If you use this method to learn, however, you can be harming yourself in a few ways.
If you’re copying a style, but you don’t have a good grasp of the fundamentals, then you may not understand why a person chose that eye shape. You may not understand how to change that eye shape in proportion and perspective. Worse, an artist may be making mistakes that you are merely copying. Do this; yes, let others influence your style, but be careful.
Finding Good Art Style Influences
If you’re going to go about mimicking a style, or styles, to help develop your style – or even just because you want to copy that style, you’ll need to find good influences.
Find artists that are established and making a living or have a large following. Do not use beginner artists as they likely are making mistakes. Developing your style off of errors can be hard to break later on down the road.
Studying Reality to Develop Your Style
Most art teachers will agree: Study real life before you start changing it. Why? If you know what something looks like in real life, you’ve already seen it in proper proportion, perspective, lighting conditions, and color hues.
From there, you can begin to shift it because you’ve also developed your eye. It will tell you when something looks wrong, even if you can’t figure out what it is when you start to deform it and end up breaking something. You also have some idea of what variances might already exist in that object, which will allow you to get away with even more.
Of course, there are some things you can’t study from reality. If you want to draw a dragon, for instance, there are no real dragons out there. But you can take pieces of real animals and put them together to form your dragon.
Using Style As An Excuse
I’ve heard the problem of using style as an excuse quite a few times from professional artists. It seems to be one of their biggest pet peeves. When someone new to art, or perhaps not as well educated, is told about some problem with their art and they reply with “That’s my style, it’s not a problem with the art.”
Again, this relates to the fundamentals and needing to learn them. If you finish a piece, and your composition is off because your center of focus doesn’t have the eye drawn to it, or you’ve skewed your values or any other number of problems, and you state “That’s my style” you need to have a good explanation behind why you chose to break those rules.
And in the future, if you ask for a critique and fight the critique with that excuse, yet no explanation to back it up, fewer people will be willing to give you critiques.
Your Style Can Set You Back Professionally
If you’ve read any of my other articles, you’ll notice I speak of goals quite frequently. Well, what if one of those goals is to go work for a major game developer as an artist? You’ve worked for years on developing your art, your style. You send out your portfolio and resume, but they reject you. You begin to notice something.
Your style has zero influences from the creative places you applied to.
I noticed a post on Twitter the other day from a concept artist that had worked in the game industry to this exact effect, so if you don’t believe me, believe them.
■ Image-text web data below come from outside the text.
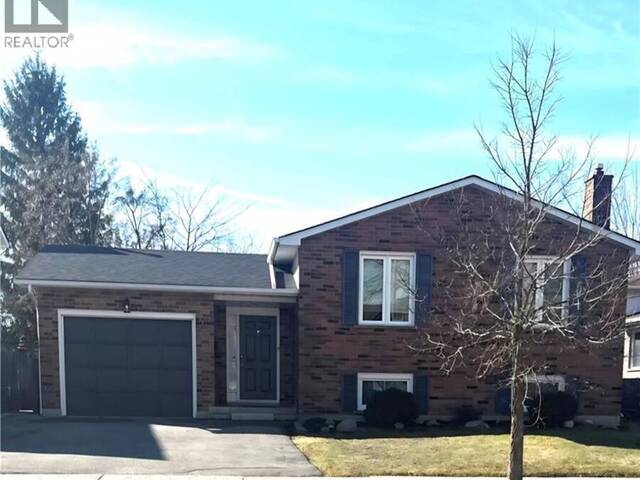 104 VISCOUNT Road Brantford Ontario, N3P 1Y6 - 4 Bedrooms Home For Sale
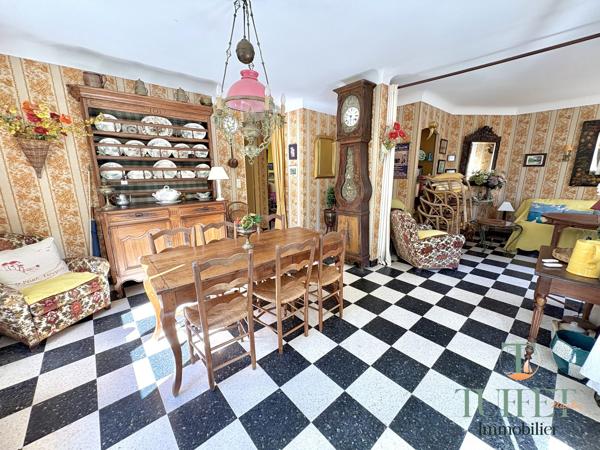 Ronce-les-Bains – Villa balnéaire authentique sous les pins, à deux pas de la plage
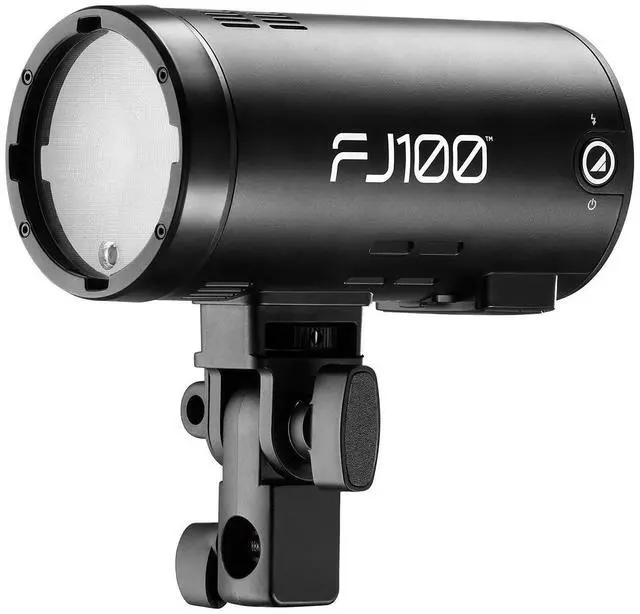 Alt view image 3 of 7 - Westcott FJ100 100Ws Touchscreen Strobe with FJ Mini AC/DC Battery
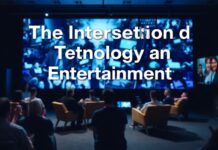 The Intersection of Technology and Entertainment: A New Era of Experiences The Intersection of Technology and Entertainment: A New Era of Experiences
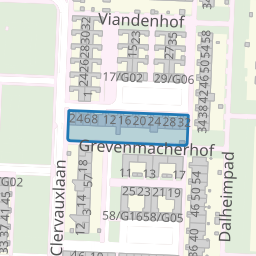 Perceel WSL01-P-1304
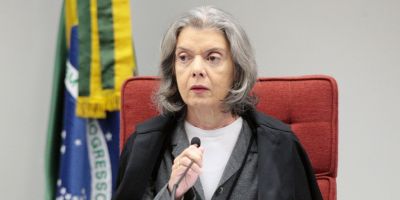 Cármen Lúcia suspende parte do decreto de indulto natalino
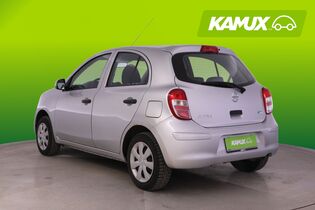 Nissan Micra vaihtoauto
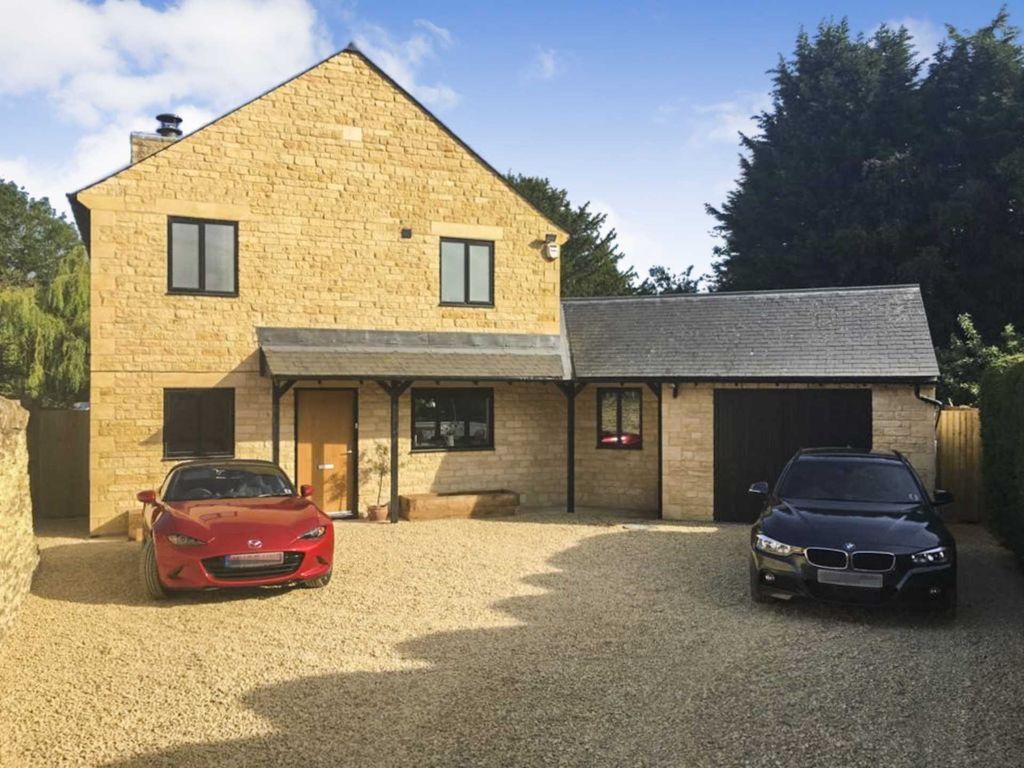 4 bed detached house for sale in Dibden Lane, Alderton, Tewkesbury, Gloucestershire GL20, £625,000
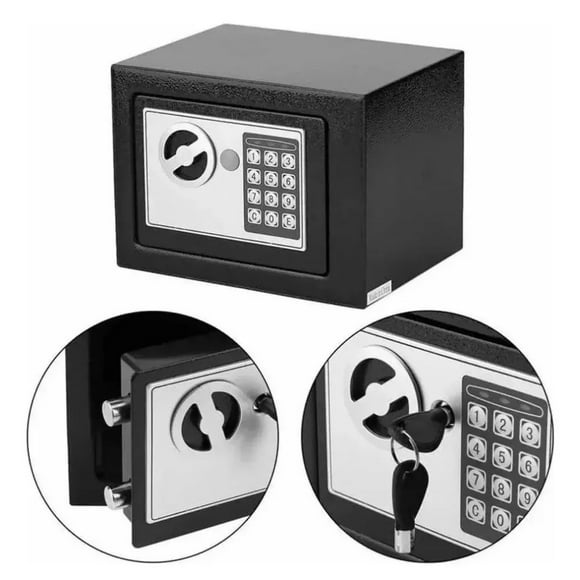 Caja de Seguridad Digital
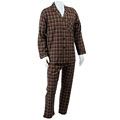 Majestic International Men's Flannel Pajamas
Your style getting in the way isn’t just valid for the game industry, either. Of course, there are going to be times when an art studio is looking for fresh blood to inject into their portfolio. Still, if a specific style is part of their brand, well, you’re not going to get into that place of work if you send them something completely different in most cases.
So, even I went about rambling on how to find your art style. Let’s wrap this up. There are three ways to find your art style: keep drawing, mimic other styles, or use reality to create your own. All three can have downsides, but using reality tends to be the method that will gain you the most long term for your style.
Don’t skip over learning the fundamentals and remember; at some point, if you go professional, you may need to mimic a style.